Will: Yeah. And so huge stakes for partisan gerrymandering because the Supreme Court has said federal courts won't supervise partisan gerrymandering. So, at a first level, it seems like either the state courts will supervise it or the Supreme Court will also tell them they can't supervise it and then we have lots more partisan gerrymandering. That's the setup.
Dan: Yeah. And so going into it, I think a lot of people, there was a range of potential outcomes and imagining the most extreme outcomes that could suggest that states can't do anything to police the fairness of the state electoral process.

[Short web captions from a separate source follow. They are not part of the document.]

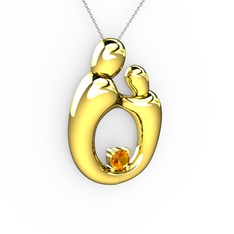 Aile Kolye - Sitrin 8 ayar altın kolye (40 cm beyaz altın rolo zincir) #1wrp41l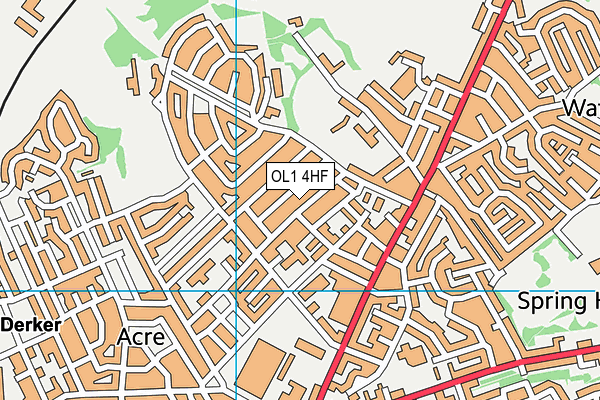 OL1 4HF map - OS VectorMap District (Ordnance Survey)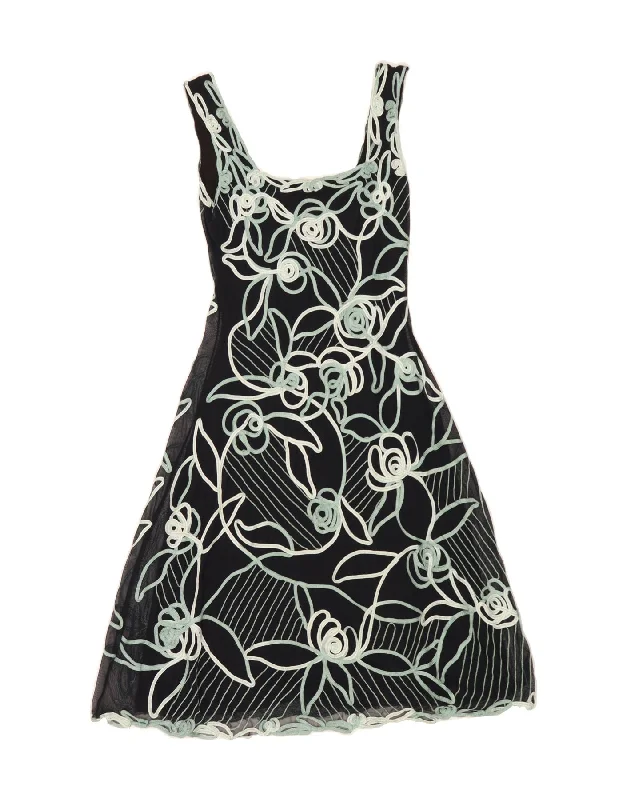 PHASE EIGHT Womens Sleeveless A-Line Dress UK 12 Medium Black Floral Nylon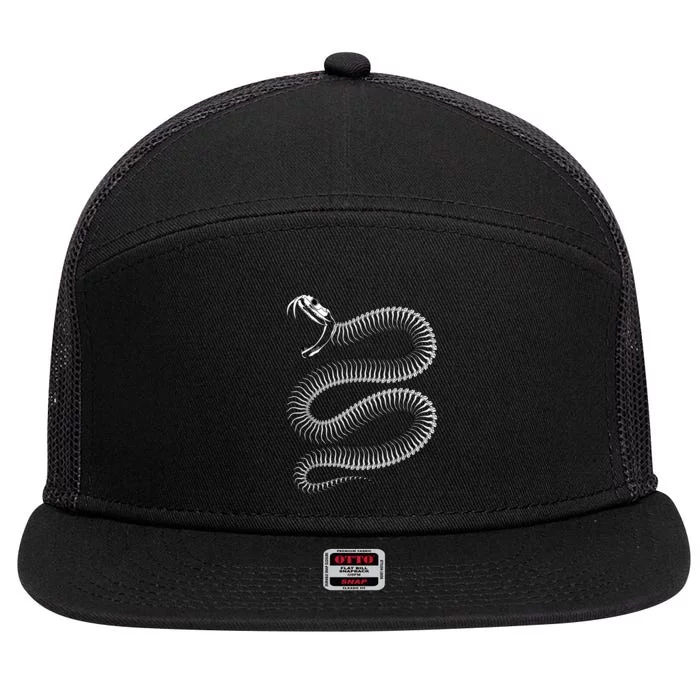 Snake Skeleton Reptile Python Cobra Herpetologist 7 Panel Mesh Trucker Snapback Hat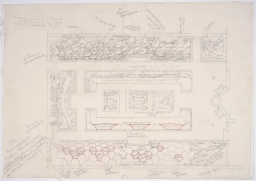 Sketch of garden design for Mrs. Richard Neff in Houston, Texas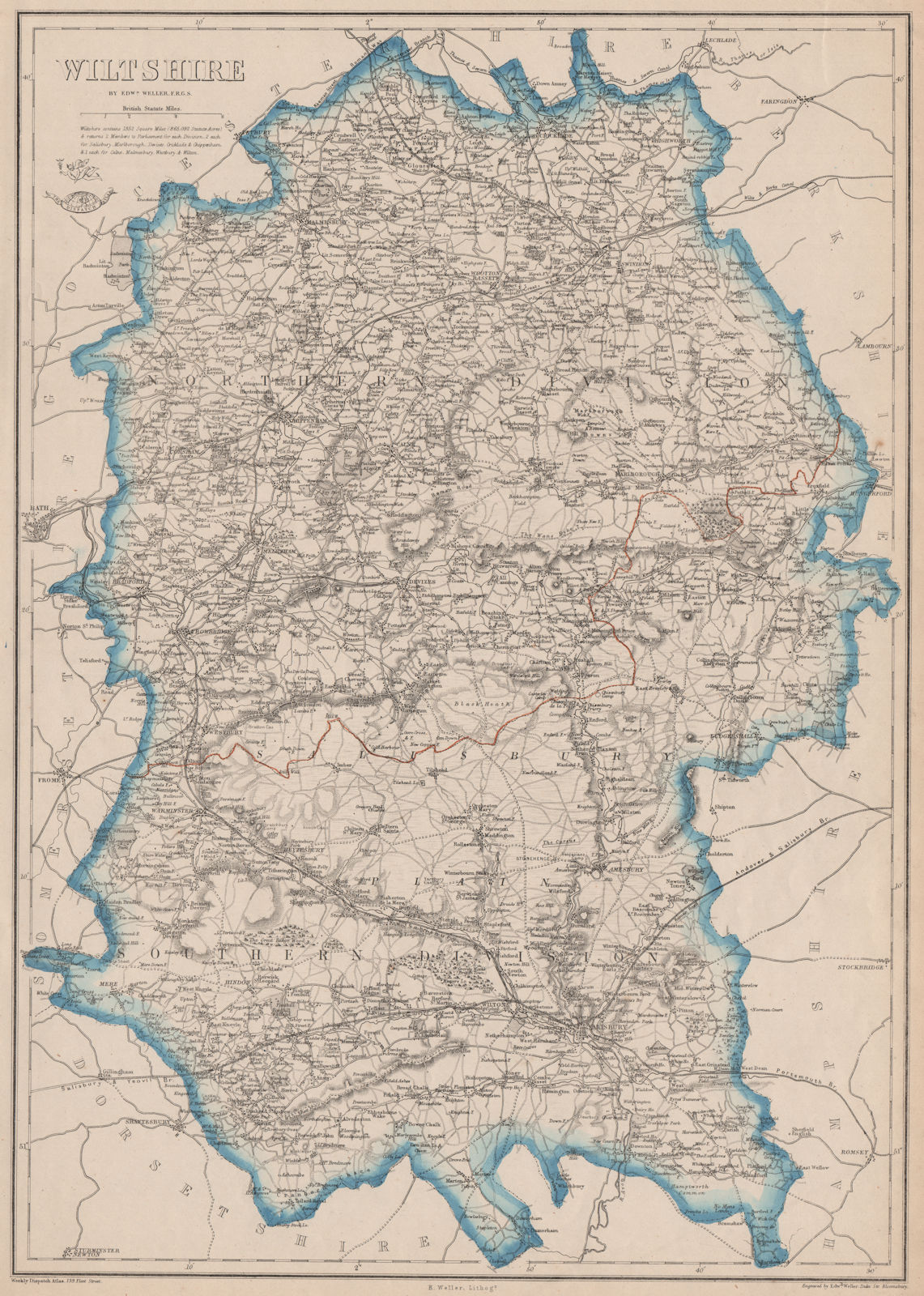 WILTSHIRE. Salisbury Plain. Antique county map. Railways. WELLER 1863 old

Will: Right. And not imagine in a vacuum, because there were several cases during the 2020 election that posed these questions and several separate opinions by various justices saying we should take this theory pretty seriously. And then the court grants cert in this case. And so, this seems like one of those grants to reverse.
Dan: Yeah. So, the idea being that if the kind of extreme position would win, I mean, state courts can't say, "You have to provide absentee balloting." Like all sorts of things where state courts might want to say that the legislature is violating the state constitution.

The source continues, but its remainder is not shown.